Only the lines below starting at the one that contains "Handmade Square Jadtar" and ending at the one that contains "Detailed view of" are to be reproduced, exactly and with both ends kept.

Short web captions:
· · · · ·

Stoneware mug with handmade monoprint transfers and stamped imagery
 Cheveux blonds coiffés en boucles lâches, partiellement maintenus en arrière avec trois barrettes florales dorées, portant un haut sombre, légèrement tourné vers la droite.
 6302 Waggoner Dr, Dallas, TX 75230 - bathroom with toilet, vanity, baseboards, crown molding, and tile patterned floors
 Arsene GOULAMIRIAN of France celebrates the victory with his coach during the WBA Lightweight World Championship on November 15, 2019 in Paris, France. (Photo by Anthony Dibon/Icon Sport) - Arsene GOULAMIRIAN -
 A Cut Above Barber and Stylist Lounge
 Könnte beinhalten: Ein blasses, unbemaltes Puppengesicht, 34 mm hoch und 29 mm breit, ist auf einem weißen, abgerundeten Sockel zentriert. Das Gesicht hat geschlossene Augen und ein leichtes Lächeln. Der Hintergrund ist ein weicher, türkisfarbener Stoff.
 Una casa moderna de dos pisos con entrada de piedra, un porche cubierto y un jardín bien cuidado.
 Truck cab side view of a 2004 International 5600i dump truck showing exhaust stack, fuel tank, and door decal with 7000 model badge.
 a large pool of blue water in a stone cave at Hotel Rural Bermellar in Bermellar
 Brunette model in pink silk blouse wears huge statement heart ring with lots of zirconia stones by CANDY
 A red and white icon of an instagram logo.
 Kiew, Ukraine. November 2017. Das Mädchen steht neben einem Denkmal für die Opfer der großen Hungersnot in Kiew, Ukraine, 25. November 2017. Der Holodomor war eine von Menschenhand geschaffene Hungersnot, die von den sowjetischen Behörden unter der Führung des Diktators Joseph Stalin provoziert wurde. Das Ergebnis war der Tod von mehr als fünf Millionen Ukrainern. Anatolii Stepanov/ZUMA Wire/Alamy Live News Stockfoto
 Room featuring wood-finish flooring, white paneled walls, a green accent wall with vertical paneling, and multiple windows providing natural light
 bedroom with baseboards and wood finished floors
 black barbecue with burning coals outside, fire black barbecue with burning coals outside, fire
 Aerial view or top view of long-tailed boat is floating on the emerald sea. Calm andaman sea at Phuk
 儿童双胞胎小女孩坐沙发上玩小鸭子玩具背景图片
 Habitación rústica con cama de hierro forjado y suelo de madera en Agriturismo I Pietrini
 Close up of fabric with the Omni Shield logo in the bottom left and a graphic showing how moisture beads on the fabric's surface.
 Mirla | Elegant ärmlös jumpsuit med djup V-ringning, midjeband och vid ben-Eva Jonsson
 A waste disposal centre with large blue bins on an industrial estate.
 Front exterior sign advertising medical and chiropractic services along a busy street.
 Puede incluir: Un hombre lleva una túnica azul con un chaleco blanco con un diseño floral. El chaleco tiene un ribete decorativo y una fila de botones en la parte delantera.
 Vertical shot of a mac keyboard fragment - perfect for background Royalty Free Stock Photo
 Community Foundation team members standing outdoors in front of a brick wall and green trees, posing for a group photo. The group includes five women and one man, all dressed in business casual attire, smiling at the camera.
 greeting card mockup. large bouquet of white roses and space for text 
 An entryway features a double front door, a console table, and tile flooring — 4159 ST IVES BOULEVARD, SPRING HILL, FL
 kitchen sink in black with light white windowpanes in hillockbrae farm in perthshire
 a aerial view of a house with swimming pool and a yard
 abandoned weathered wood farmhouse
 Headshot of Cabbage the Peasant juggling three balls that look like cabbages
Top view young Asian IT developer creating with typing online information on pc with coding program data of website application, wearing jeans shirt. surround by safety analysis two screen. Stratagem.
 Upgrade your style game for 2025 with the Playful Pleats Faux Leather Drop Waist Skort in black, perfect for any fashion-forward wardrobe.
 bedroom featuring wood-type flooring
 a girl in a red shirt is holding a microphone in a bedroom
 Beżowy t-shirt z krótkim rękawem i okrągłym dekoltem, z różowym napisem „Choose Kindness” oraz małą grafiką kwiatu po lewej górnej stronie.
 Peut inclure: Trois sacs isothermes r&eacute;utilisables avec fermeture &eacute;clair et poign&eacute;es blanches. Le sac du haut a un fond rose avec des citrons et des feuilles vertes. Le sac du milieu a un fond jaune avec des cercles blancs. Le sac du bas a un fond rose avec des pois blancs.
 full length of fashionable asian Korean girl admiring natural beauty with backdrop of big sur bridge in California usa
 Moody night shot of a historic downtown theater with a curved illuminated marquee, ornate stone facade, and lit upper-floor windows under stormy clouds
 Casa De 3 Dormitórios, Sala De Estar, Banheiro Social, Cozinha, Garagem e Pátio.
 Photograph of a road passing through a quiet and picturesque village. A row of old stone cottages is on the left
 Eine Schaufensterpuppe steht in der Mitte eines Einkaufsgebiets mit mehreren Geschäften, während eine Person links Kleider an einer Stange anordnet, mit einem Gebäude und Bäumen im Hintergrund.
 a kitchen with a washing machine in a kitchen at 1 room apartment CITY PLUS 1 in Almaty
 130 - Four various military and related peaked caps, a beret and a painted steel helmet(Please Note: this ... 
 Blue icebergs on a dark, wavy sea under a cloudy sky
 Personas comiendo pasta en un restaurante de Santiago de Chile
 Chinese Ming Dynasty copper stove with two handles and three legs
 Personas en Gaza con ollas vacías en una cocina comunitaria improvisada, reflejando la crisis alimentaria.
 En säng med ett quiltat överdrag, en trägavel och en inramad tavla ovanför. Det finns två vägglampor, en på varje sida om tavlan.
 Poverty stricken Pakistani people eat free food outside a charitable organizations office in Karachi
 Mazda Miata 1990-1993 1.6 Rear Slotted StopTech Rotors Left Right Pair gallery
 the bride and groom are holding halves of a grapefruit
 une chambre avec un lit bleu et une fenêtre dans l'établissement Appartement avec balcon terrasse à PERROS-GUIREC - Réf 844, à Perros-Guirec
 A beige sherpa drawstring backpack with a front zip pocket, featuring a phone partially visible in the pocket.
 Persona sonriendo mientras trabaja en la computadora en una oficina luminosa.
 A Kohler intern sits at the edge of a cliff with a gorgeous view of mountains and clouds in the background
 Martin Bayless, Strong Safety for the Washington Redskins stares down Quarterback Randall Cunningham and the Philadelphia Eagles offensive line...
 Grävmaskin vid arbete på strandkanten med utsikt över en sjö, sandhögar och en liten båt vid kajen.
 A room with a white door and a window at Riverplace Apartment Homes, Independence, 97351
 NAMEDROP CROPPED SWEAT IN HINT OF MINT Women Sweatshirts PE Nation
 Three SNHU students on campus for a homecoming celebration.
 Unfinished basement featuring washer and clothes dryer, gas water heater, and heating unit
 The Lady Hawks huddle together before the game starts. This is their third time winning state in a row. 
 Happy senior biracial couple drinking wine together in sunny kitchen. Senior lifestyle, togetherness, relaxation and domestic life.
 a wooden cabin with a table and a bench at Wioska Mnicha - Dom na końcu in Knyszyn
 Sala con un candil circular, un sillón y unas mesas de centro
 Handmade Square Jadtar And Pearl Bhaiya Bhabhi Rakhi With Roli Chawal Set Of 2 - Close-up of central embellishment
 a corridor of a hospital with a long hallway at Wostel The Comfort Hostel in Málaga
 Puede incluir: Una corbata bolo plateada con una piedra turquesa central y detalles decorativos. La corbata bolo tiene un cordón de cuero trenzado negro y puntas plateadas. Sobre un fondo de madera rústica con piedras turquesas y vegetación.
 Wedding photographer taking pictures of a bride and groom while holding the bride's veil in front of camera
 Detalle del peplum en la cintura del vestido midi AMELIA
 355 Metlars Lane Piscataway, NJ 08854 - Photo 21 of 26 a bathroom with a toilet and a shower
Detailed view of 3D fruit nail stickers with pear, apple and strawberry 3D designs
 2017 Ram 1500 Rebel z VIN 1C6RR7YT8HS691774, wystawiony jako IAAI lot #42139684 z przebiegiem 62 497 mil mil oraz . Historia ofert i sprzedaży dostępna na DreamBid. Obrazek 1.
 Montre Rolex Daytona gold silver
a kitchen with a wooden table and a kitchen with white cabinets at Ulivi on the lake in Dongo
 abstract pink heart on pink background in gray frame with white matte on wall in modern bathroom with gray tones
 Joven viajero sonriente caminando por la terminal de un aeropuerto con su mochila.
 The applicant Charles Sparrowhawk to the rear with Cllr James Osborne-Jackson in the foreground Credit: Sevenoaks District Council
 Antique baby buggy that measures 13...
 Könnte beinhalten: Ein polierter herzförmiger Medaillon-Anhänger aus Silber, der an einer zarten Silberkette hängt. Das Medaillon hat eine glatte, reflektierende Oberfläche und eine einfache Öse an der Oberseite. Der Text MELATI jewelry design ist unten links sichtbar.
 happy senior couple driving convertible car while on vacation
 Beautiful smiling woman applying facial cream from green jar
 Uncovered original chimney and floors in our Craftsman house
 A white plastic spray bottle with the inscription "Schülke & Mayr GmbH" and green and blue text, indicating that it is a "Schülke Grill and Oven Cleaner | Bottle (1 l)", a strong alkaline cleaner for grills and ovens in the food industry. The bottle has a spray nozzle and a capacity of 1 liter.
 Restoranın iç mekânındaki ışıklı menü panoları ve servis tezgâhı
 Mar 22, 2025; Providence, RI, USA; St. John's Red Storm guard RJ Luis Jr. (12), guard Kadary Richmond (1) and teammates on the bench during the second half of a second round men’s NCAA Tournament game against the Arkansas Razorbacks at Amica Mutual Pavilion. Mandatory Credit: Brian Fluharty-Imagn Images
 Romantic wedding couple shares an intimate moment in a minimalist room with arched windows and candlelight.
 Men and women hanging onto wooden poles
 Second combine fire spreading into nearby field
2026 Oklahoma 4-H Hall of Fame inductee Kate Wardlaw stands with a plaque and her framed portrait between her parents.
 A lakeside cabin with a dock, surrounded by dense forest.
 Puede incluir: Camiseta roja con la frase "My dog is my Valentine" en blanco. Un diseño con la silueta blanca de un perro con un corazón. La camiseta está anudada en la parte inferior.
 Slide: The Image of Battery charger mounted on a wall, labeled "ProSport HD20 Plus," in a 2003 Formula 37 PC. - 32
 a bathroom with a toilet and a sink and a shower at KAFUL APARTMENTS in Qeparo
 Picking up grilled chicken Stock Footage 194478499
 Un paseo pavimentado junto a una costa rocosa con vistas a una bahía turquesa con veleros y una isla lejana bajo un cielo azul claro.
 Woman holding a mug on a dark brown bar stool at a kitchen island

· · · · ·

ANSWER SECTION
 Handmade Square Jadtar And Pearl Bhaiya Bhabhi Rakhi With Roli Chawal Set Of 2 - Close-up of central embellishment
 a corridor of a hospital with a long hallway at Wostel The Comfort Hostel in Málaga
 Puede incluir: Una corbata bolo plateada con una piedra turquesa central y detalles decorativos. La corbata bolo tiene un cordón de cuero trenzado negro y puntas plateadas. Sobre un fondo de madera rústica con piedras turquesas y vegetación.
 Wedding photographer taking pictures of a bride and groom while holding the bride's veil in front of camera
 Detalle del peplum en la cintura del vestido midi AMELIA
 355 Metlars Lane Piscataway, NJ 08854 - Photo 21 of 26 a bathroom with a toilet and a shower
Detailed view of 3D fruit nail stickers with pear, apple and strawberry 3D designs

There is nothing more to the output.